Following ASUS’ surprise Zenbo reveal at Computex last month, PCR asks retailers if they think companion robots and helper bots will be a success with customers.
Zenbo is designed to ‘provide companionship, assistance and entertainment’ to users, by singing songs, managing smart home devices, communicating with its owners and more.
Elsewhere, last week Engage Works showed off the Pepper robot at the Flux Innovation Lounge in London, who can speak 19 languages and understand and react to human emotions.
But when these robots eventually hit the UK (a set date has not yet been announced), will they be a hit with suppliers and retailers in the tech channel?
Yoyotech managing director CK thinks they might.
“I think the ASUS Zenbo is a very ambitious thing and we should all say bring it on,” he told PCR. “I think it’s about time for robots. They need to come out, so let’s see what vendors can produce.
“I can see myself selling robots. It’s all about experiences for the end user, it’s no longer about keyboard and mouse, it’s about changing the user’s lifestyle. Robotics will eventually come into play.”
Richard Alford from Black Bear Computers added: “I think it’s a fantastic toy but I think it’s too limited in its uses. I’d imagine it’d only work on a single storey, so how much use is it actually? It’s fine as a children’s toy or a gimmicky thing in the shop, but why do we need a whole robot?”

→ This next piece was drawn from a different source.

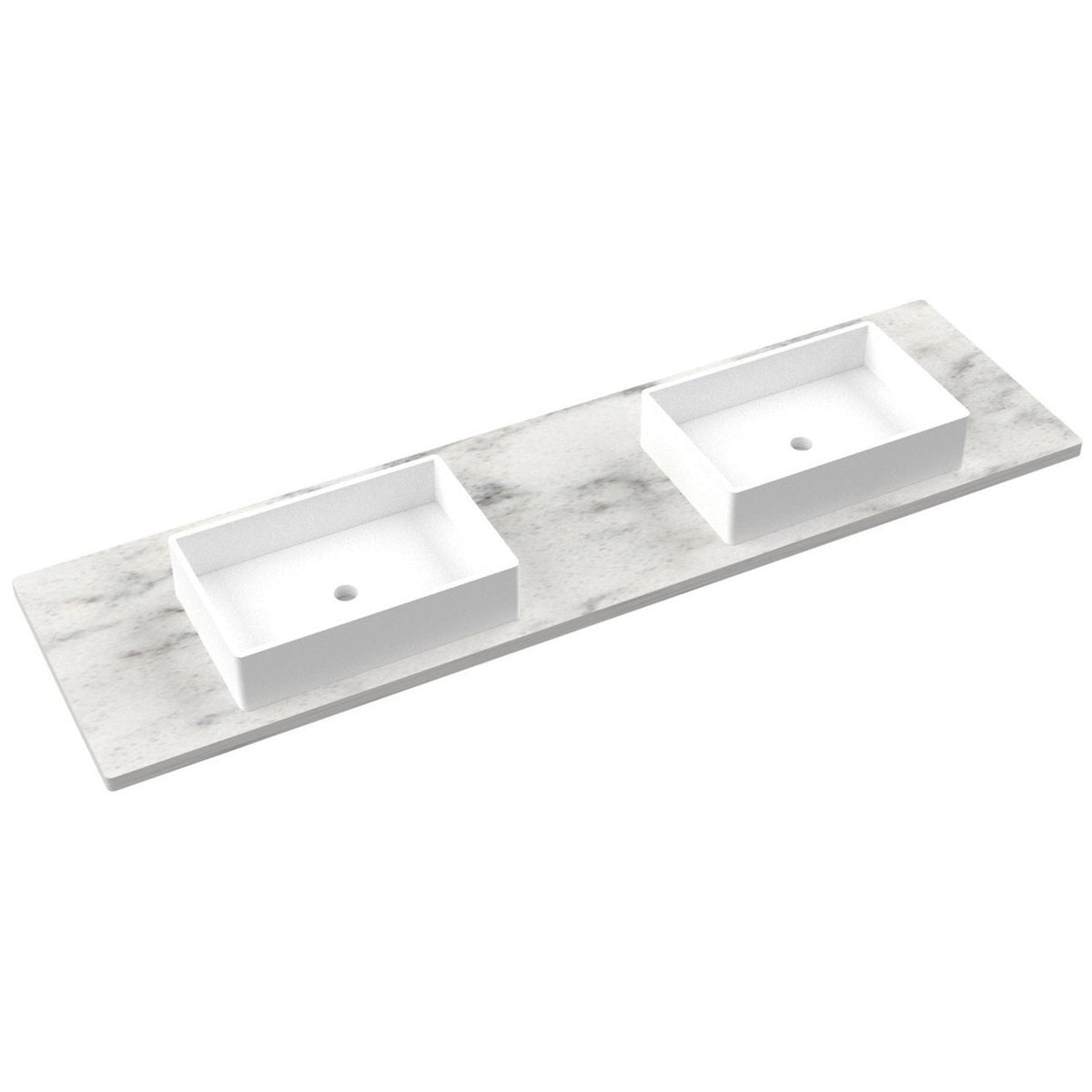 Vanderloc 79&quot; Silestone® Quartz Vanity Top Double Vigo Centered Sink – Helix – Widespread – Not Included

Alford also said that robot repairs may not be lucrative, due to the repairs likely being few and far between early on. However, Craig Hume from Utopia Computers believes custom parts will emerge for robots.
“I think there’s a brilliant opportunity there and there has to be,” Hume said. “There will be a time where Steve Jobs knew a lot about the devices he wanted to bring out, but knew it was too early. And waited until he had something of real value – the same could be said for robots.
“There are ideas out there that can make our lives easier but they don’t seem to fit our world very well. There’s nothing there [yet] to make my life easier [in terms of robots].”
Chillblast’s Ben Miles was also critical of the Zenbo.
“The limit, as usual was with the quality of the voice recognition,” Miles said. “Even with a highly scripted exhibit, the Zenbo frequently got confused.
“Until technologies of really reliable voice recognition become available these kinds of products will be niche, early adopter solutions.
“The hardware in the Zenbo was fairly impressive however, and we can see it being useful for those with restricted mobility. How it climbs stairs is also a major question for UK households!”
Mesh Computers purchasing manager Maria Malageac commented: “I wouldn’t say the public is prepared for something like that at the moment. I’m not sure it will be something that will be popular.”
Of course, on the B2B side, in Asia some companies are introducing robotic or digital receptionists, which could be something for VARs to think about in the future.
What do you think of robots in the tech channel? Will they be a good source of revenue – or just a gimmick? Will they take off?